学会活動に関しては、1)情報処理学会では研究会主査、理事、副会長、会長を務め功績賞、名誉会員に推挙されています。2)人工知能学会では理事として活動されました。3)電子情報通信学会では人工知能、情報ネットワーク、通信ソフトウェアなど情報通信とAIに関わる3つの研究会の委員長を歴任し、業績賞、功績賞、名誉員に推挙。4)欧州のIFIPでは、日本代表を務められました。5)米国のIEEEでは、新しいシステム概念としてAI秘書、共生コンピューティング、やわらかいネットワークを提唱すると共に、情報通信にAIを導入し高度な情報システムの開発へ向けた研究を先導するパイオニアとしてIEEE Fellow、更にLife Fellowに推挙されております。また、IEEE Sendai Section Chair とIEEE Japan‐Council Vice‐Chairを歴任されました。更に、東日本大震災の折には「IEEE HTC 2013 in 仙台」を開催し、IEEE 現会長、前会長、次期会長が出席されるなど、共同主催者の一人として成功に導かれました。

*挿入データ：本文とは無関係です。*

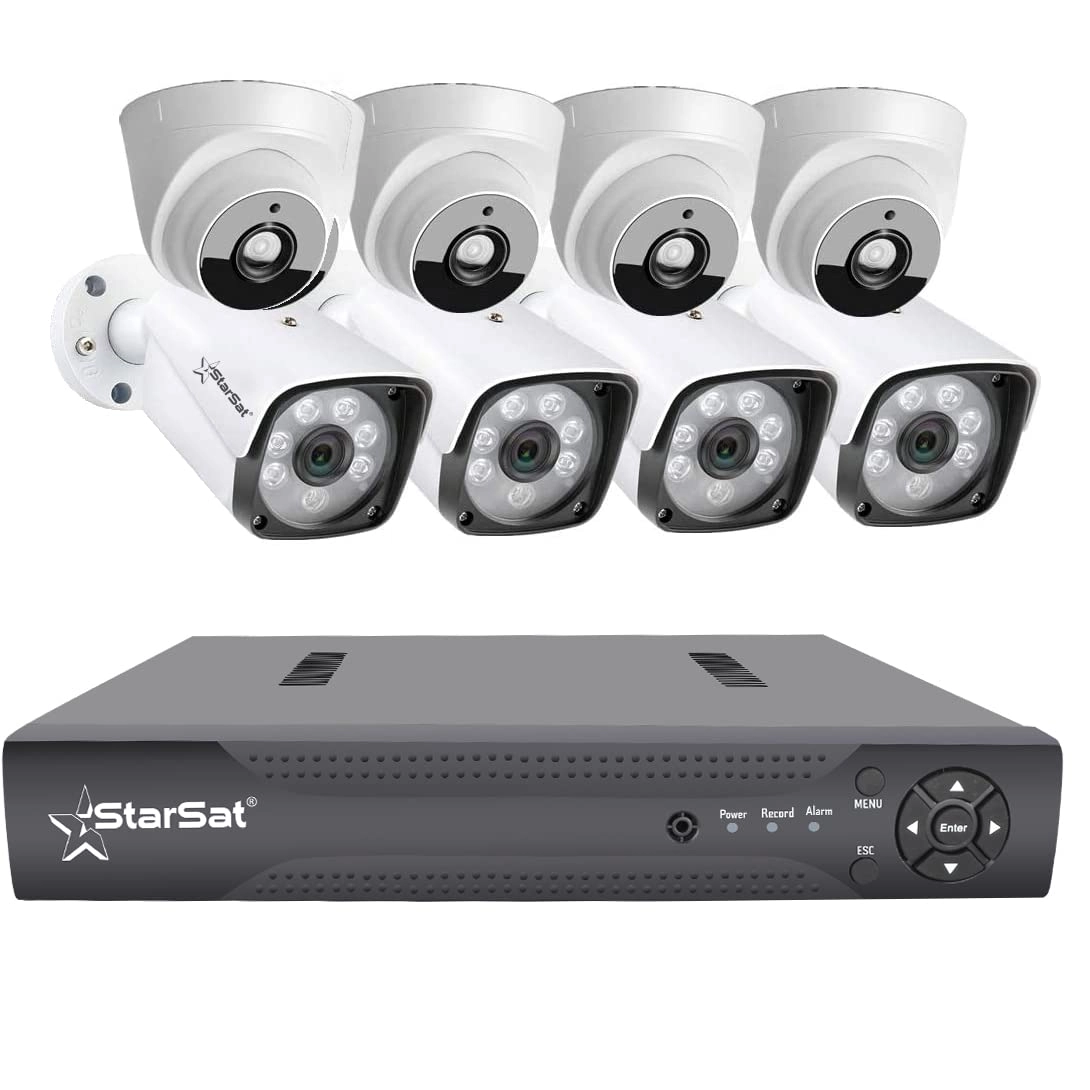 StarSat 8ch AHD Kit - 4 TB 8 channels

研究活動では、1990年代に新しい情報システムの基本概念として、近年のサイバーフィジカル、メタバースの先駆けとなる共生コンピューティングの考え方を提唱されました。つぎに、これらに基づいた研究を推進し、特に政府系の研究プロジェクトとして、1)総務省:栗原グリーンプロジェクト「人の暮らしと自然が共生するICTシステムを構築するための地域実証」、2)日本学術振興会:未来開拓プロジェクト「やわらかいネットワークアーキテクチャ:動的ネットワーキング」など6件の産学連携プロジェクトを、代表者として成功裏に推進しました。さらに、国際標準化機関IETFにおいて、2件のMobile IPv6に関する標準化にも成功されました。これらの成果は学術分野だけでなく、社会的に広く注目されテレビ、新聞にも取り上げられました。
教育については、情報通信の講義と大学院生の研究指導、更に高度な人材育成へ向けて、リベラルアーツを念頭に置いた教科書の編纂と執筆に注力され、「未来へつなぐデジタルシリーズ」(39巻、共立出版社)を企画・編集し既に大学、高専の教科書として利活用されております。大学院生の研究指導については、指導教授・主査として20年間に情報通信分野の博士63名(課程博士45名、社会人・論文博士18名)の俊英を育成されました。
以上のように、同君が、高度な情報技術の研究・発展と高度な人材育成に尽くした貢献は、誠に顕著であります。